I'm not having any luck w/ my P's going after feeders. I have 2 RBP about 4" and 1 about 3.5". What fish and what size would make a good feeder and some other tips to get them to eat some feeders would be great. They have eaten a couple of guppies, but even after skipping feedings for several days they would not finish them off until I stuck them on a wooden kabob and held the guppies right in their faces.


----------



## [email protected]° (Jun 16, 2004)

I buy my guys things like giant, or zebra danios, various tetra'sm or whatever else is large and cheap besides "feeders"

That said I have quite a few new "tank mates/ dither/ eventuall meals" living in the tank.

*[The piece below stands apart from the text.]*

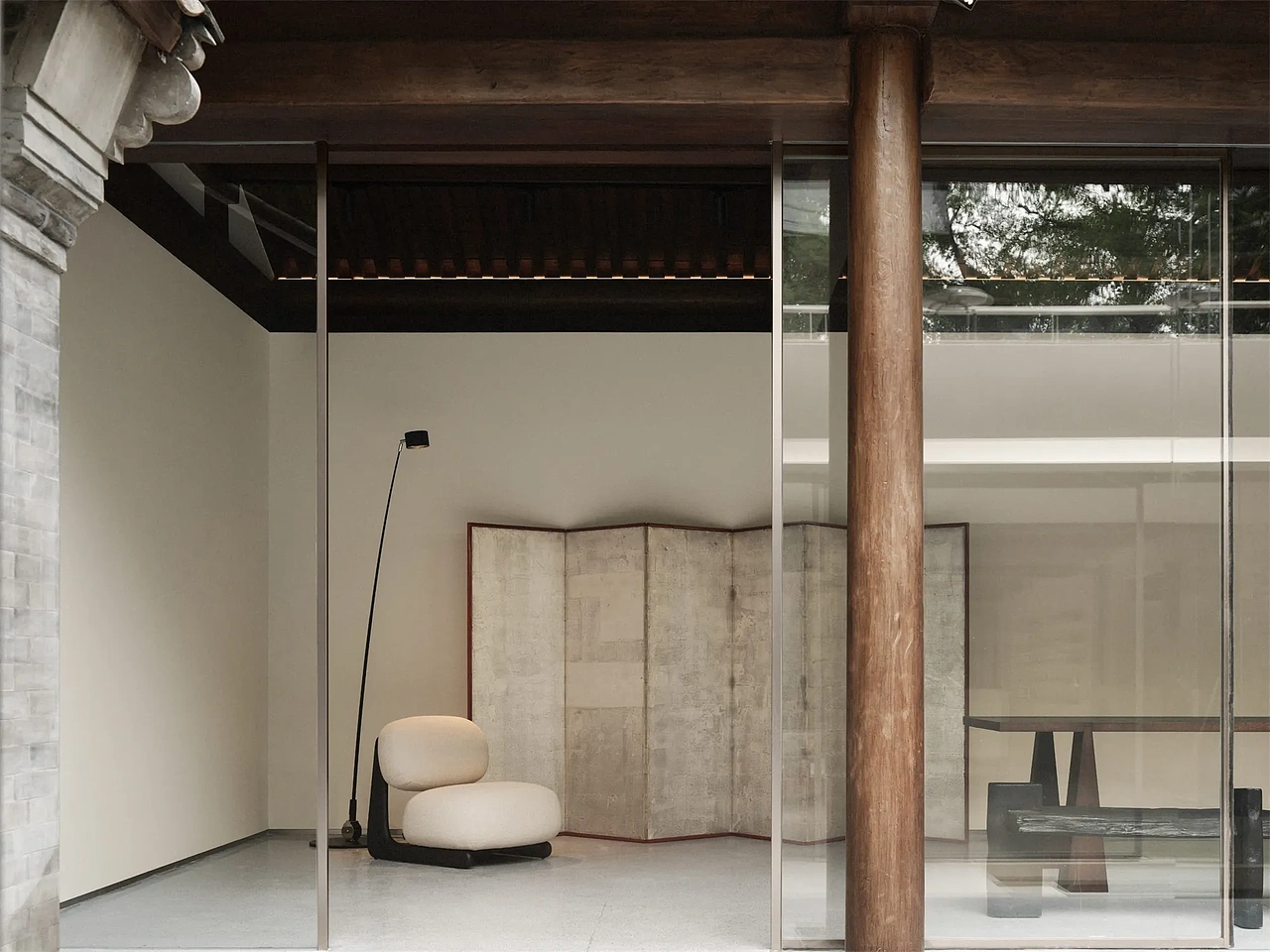 改与留、新与故的对话——四合院改造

currently I have 4 or so danios, a blue gorami, and neon swiming about the tank untill....

Just leave the "feeders" in, unless they are sick. In that case KILL them IMEDIATELY, and do NOT feed them...

Everything will eventually get eaten, and thier diet should be a majority of fresh fillets, krill, shrimp, smelt, nightcrawlers etc....

I am not going to buy ANY live fish til at least 3 of the current collection is no longer alive. They kind always have the option of hunting that way, and are properly fed.


----------



## MR.FREEZ (Jan 26, 2004)

stay away from gold fish


----------



## shutter13 (Jun 23, 2004)

clean tetras, guppies, mollys, or rosies









quarantine for at least a week


----------



## Raul Duke (Nov 13, 2003)

I see lots of info saying gold fish are not nutritional at all, does anyone know what fish are really nutritional? also, for a 7"-8" red, what else should I be feeding him. I already feed him lots of shrimp, earthworms, and moose. how about bettas for feeder fish? used them a couple times, my p seems to love them.


----------



## Anko (Oct 2, 2004)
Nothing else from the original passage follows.